DIRECTIONS FOR THIS TASK — Using the data below, return every line that holds the word "جديد".

INFORMATION SHOWN —
——————————

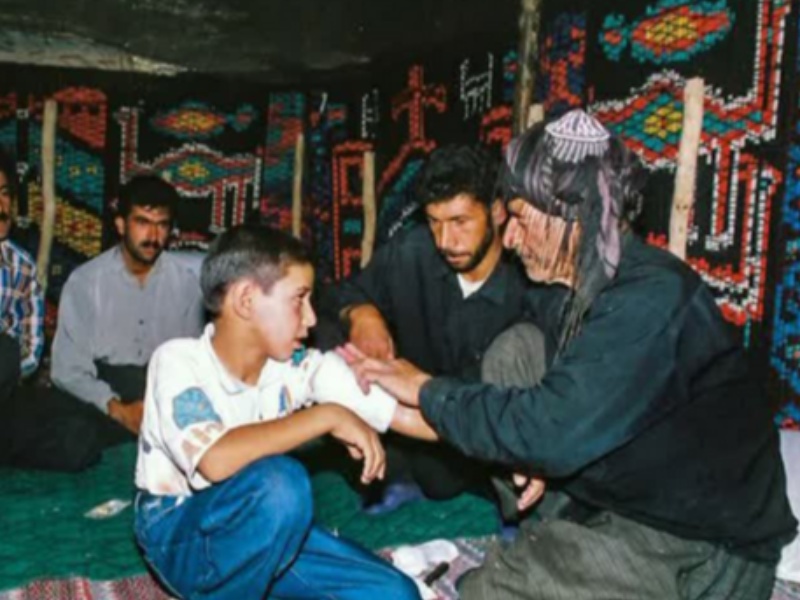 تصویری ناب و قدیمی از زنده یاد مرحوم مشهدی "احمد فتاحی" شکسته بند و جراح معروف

——————————

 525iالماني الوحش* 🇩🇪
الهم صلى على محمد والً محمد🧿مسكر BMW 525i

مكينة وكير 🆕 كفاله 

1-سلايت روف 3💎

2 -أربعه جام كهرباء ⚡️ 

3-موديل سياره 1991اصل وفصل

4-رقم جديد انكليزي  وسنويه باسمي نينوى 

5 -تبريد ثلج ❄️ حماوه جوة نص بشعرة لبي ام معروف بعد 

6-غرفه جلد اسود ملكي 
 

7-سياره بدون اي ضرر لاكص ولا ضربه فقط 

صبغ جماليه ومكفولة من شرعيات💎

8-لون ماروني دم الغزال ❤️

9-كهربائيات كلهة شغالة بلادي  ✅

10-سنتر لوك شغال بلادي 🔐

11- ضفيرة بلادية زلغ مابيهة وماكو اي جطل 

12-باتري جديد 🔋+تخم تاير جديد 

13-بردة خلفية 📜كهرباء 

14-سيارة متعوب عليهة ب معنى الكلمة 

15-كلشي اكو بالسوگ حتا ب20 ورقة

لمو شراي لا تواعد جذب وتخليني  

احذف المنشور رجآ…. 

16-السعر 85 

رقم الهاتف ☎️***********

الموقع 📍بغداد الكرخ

——————————

SOLUTION TO THIS TASK —
4-رقم جديد انكليزي  وسنويه باسمي نينوى 
12-باتري جديد 🔋+تخم تاير جديد 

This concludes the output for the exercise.